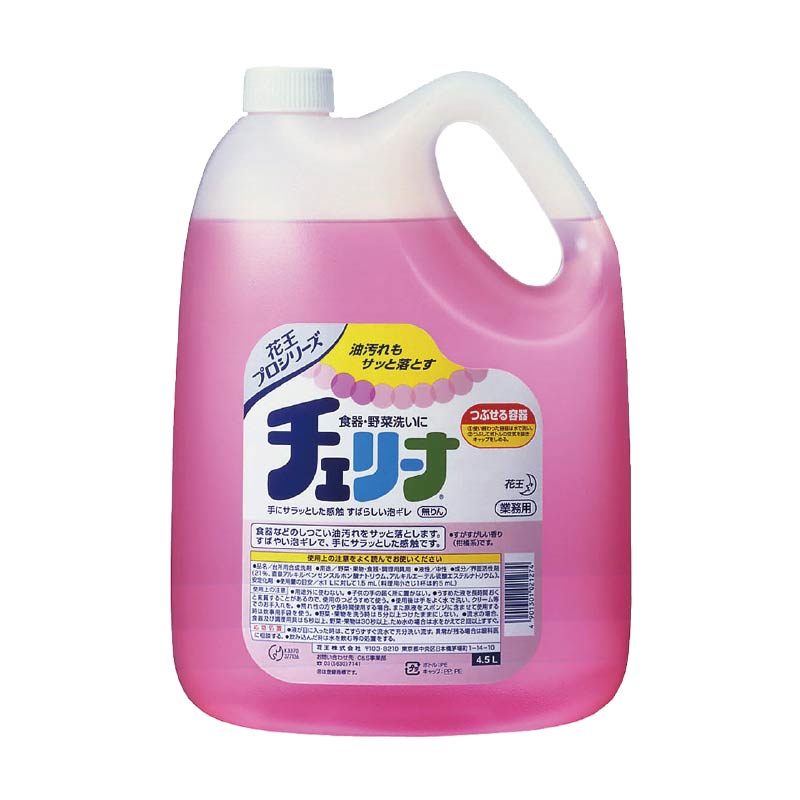 キュキュット 業務用 4.5L×4本 ケース販売 Kao キュキュット クリア除菌 4.5L 4本 業務用 食器用洗剤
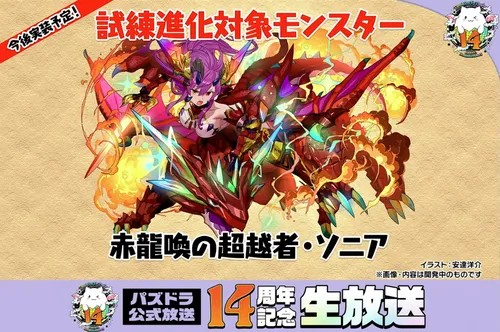 試練進化対象④_パズドラ14周年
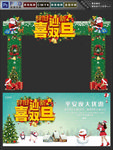 喜迎双旦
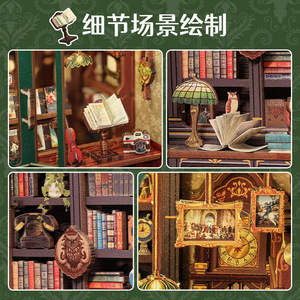 CuteBee Owl Bookstore Miniature DIY <b>Model</b> Building Block Toy Assembly <b>Kit</b> For Youth Gift - Product Image 4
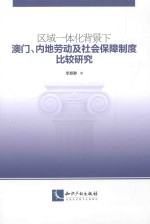 区域一体化背景下澳门、内地劳动及社会保障制度比较研究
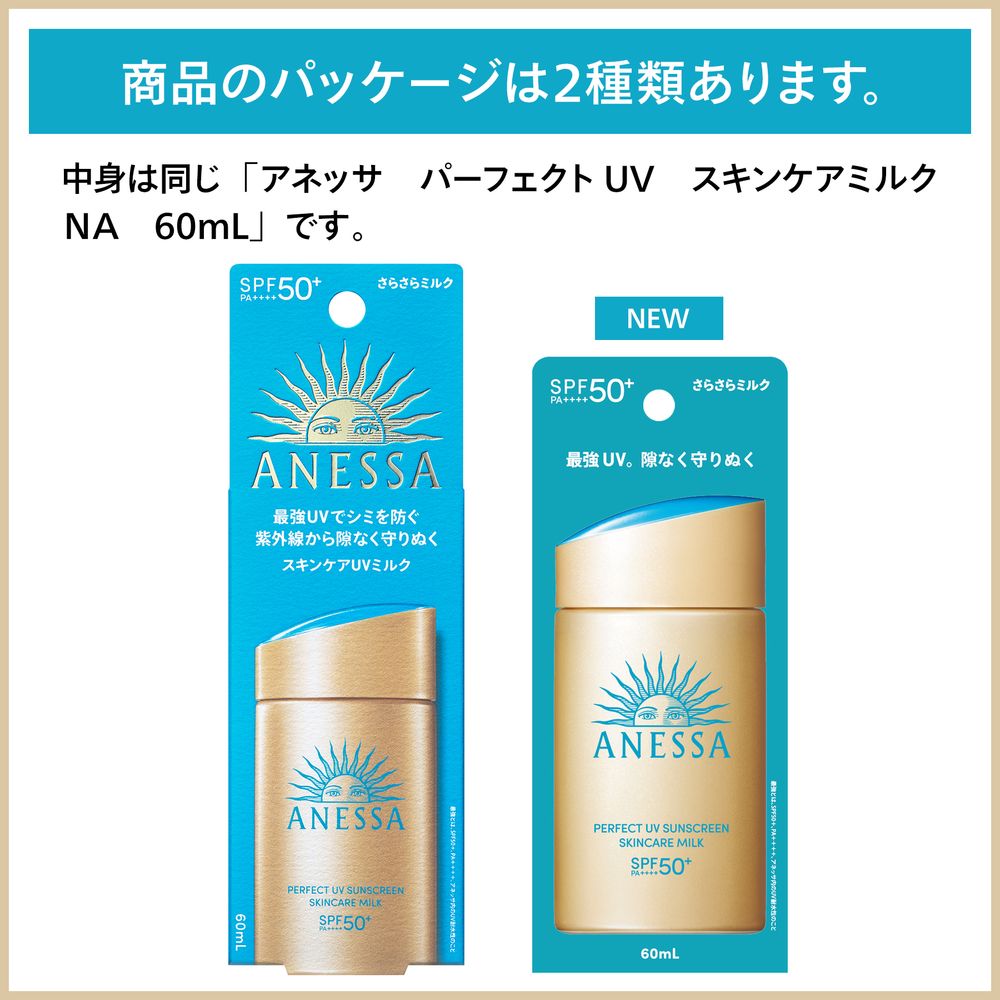 アネッサ　パーフェクトUV　スキンケアミルク　NA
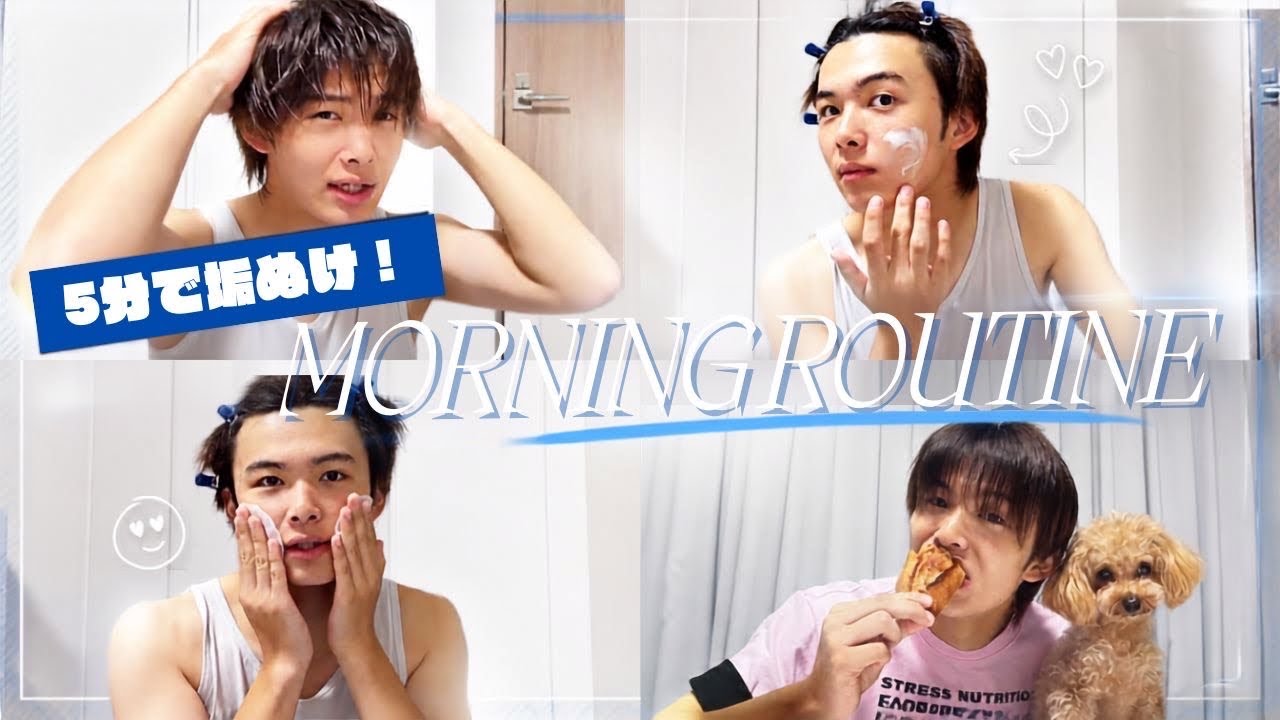 たった5分で垢ぬけ！友達と遊ぶ日のメンズメイクルーティン！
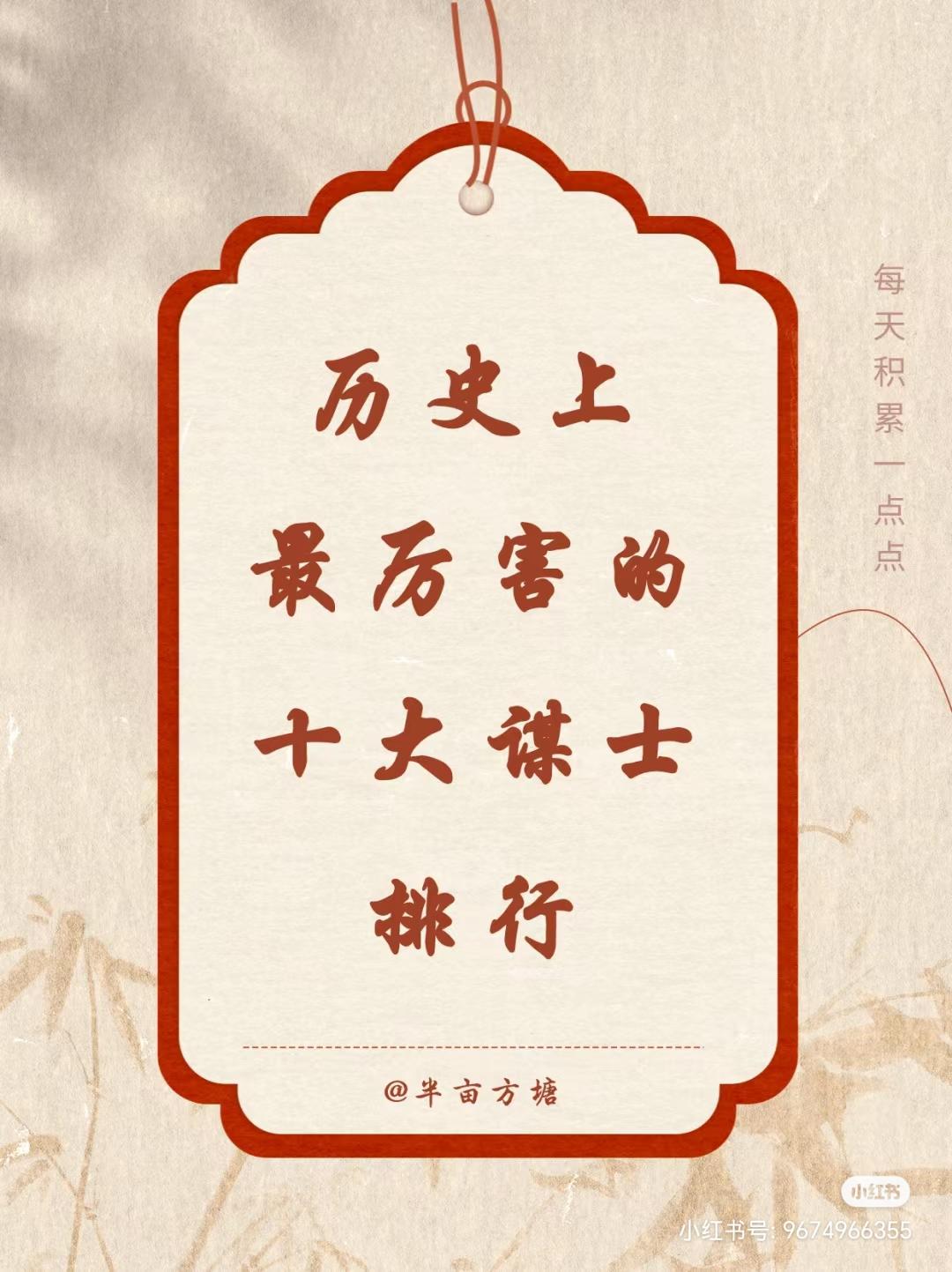 十大谋士排名 1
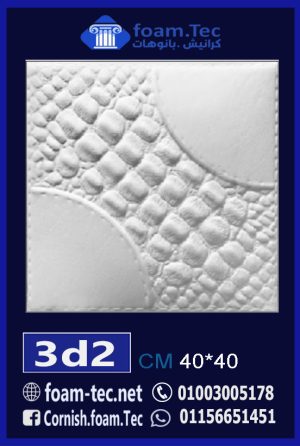 بلاط مجسم 3d فيوتك-foam.Tec-3d.2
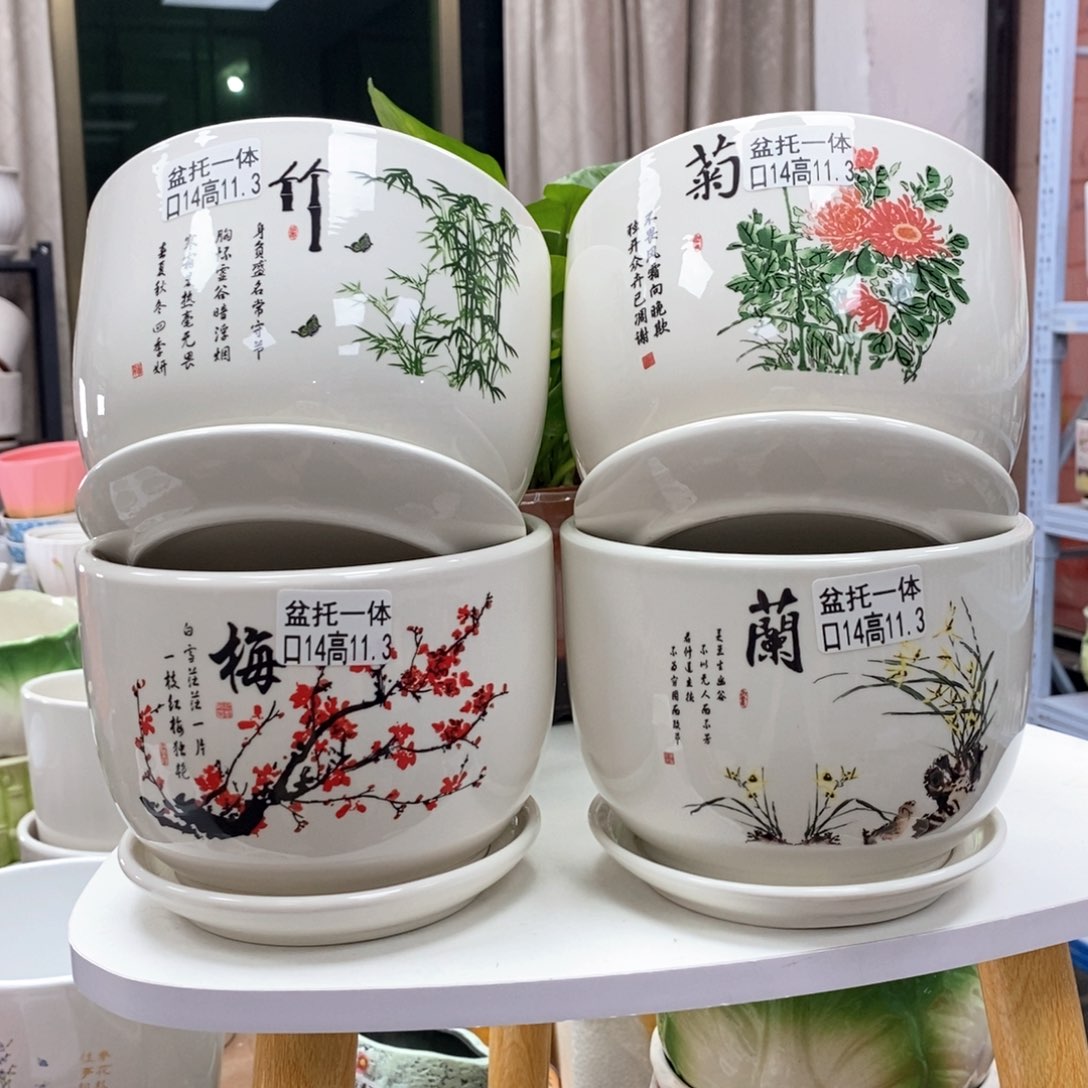 陶瓷@陶瓷花盆@@583838286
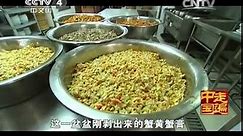 20140819 走遍中国 八方“食”尚（2） 天南地北的面食绝活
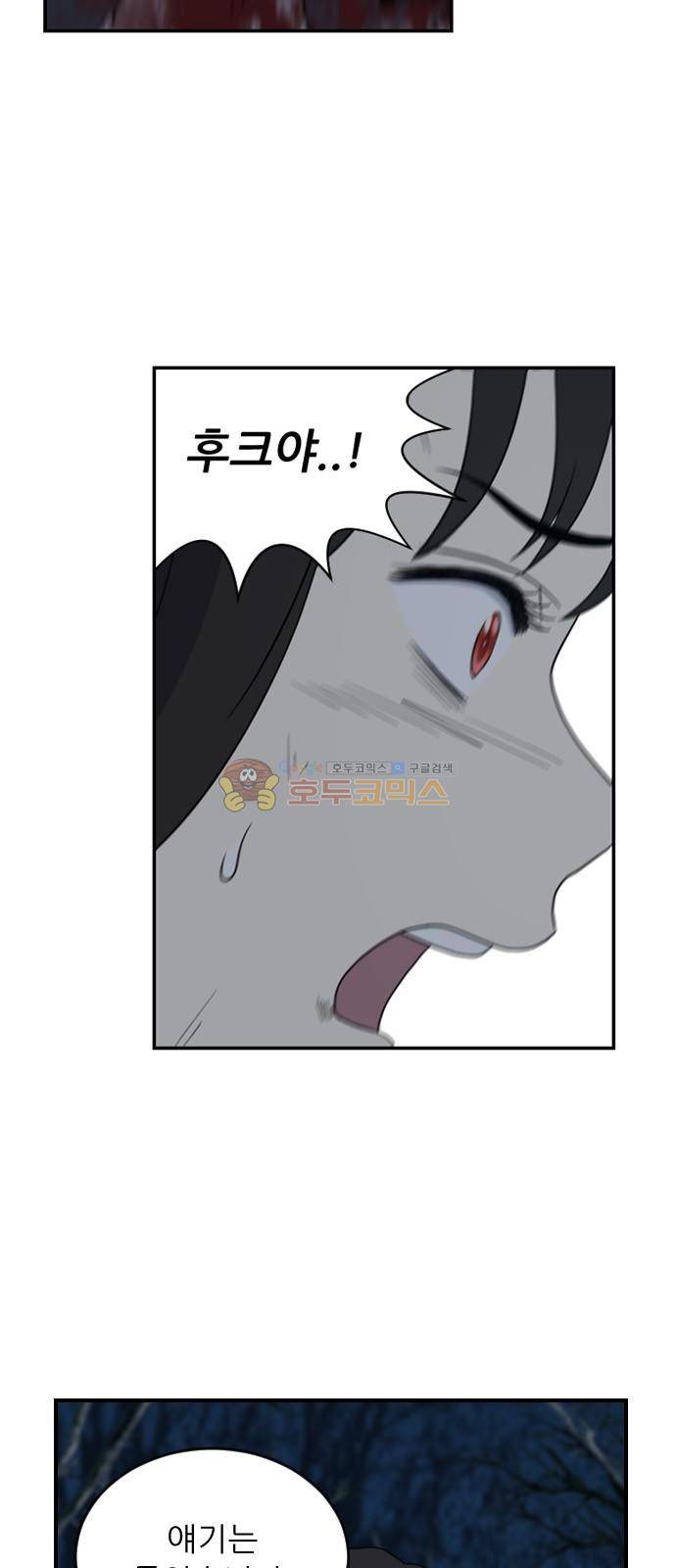 하나의 하루 105화 6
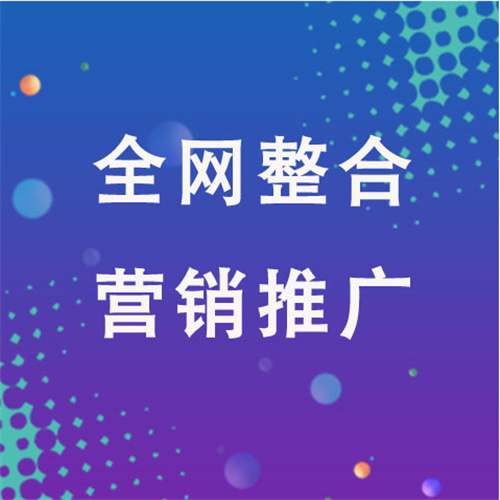 宜阳企业网络推广老是没有客户的原因是什么呢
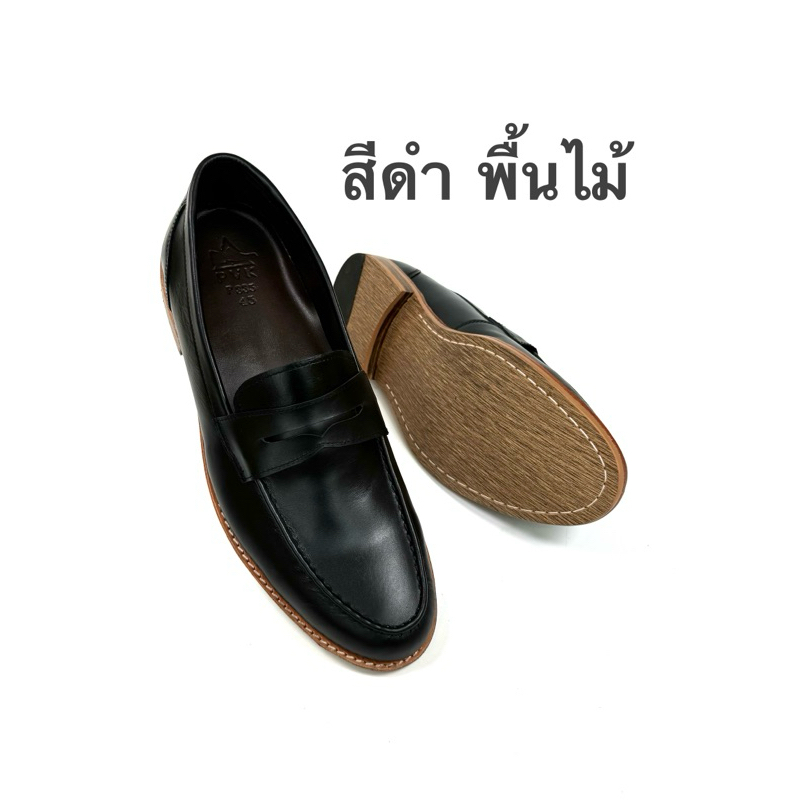 Penny Loafer พื้นไม้ รองเท้าคัชชูหนังวัวแท้ สไตล์เกาหลี มีไซส์ใหญ่ งานคนไทย เปลี่ยนไซส์ได้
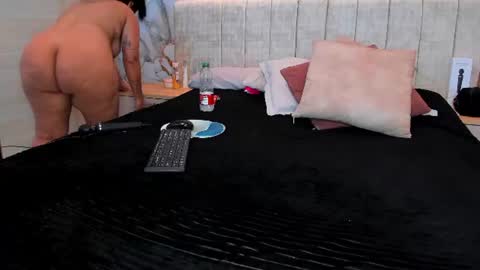 Snapshot of kiana_cream chatting on 12, 7, 2026 N M online show from 12, 7, 2026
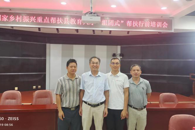 У�򵼴�������λ��ϯ���������ء���ְ��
----
◆ EXERCISE DIRECTIONS: Here the job is to print all the data exactly, skipping any image.

◆ TASK ANSWER:
 キュキュット 業務用 4.5L×4本 ケース販売 Kao キュキュット クリア除菌 4.5L 4本 業務用 食器用洗剤
 試練進化対象④_パズドラ14周年
 喜迎双旦
 CuteBee Owl Bookstore Miniature DIY <b>Model</b> Building Block Toy Assembly <b>Kit</b> For Youth Gift - Product Image 4
 区域一体化背景下澳门、内地劳动及社会保障制度比较研究
 アネッサ　パーフェクトUV　スキンケアミルク　NA
 たった5分で垢ぬけ！友達と遊ぶ日のメンズメイクルーティン！
 十大谋士排名 1
 بلاط مجسم 3d فيوتك-foam.Tec-3d.2
 陶瓷@陶瓷花盆@@583838286
 20140819 走遍中国 八方“食”尚（2） 天南地北的面食绝活
 하나의 하루 105화 6
 宜阳企业网络推广老是没有客户的原因是什么呢
 Penny Loafer พื้นไม้ รองเท้าคัชชูหนังวัวแท้ สไตล์เกาหลี มีไซส์ใหญ่ งานคนไทย เปลี่ยนไซส์ได้
 Snapshot of kiana_cream chatting on 12, 7, 2026 N M online show from 12, 7, 2026
 У�򵼴�������λ��ϯ���������ء���ְ��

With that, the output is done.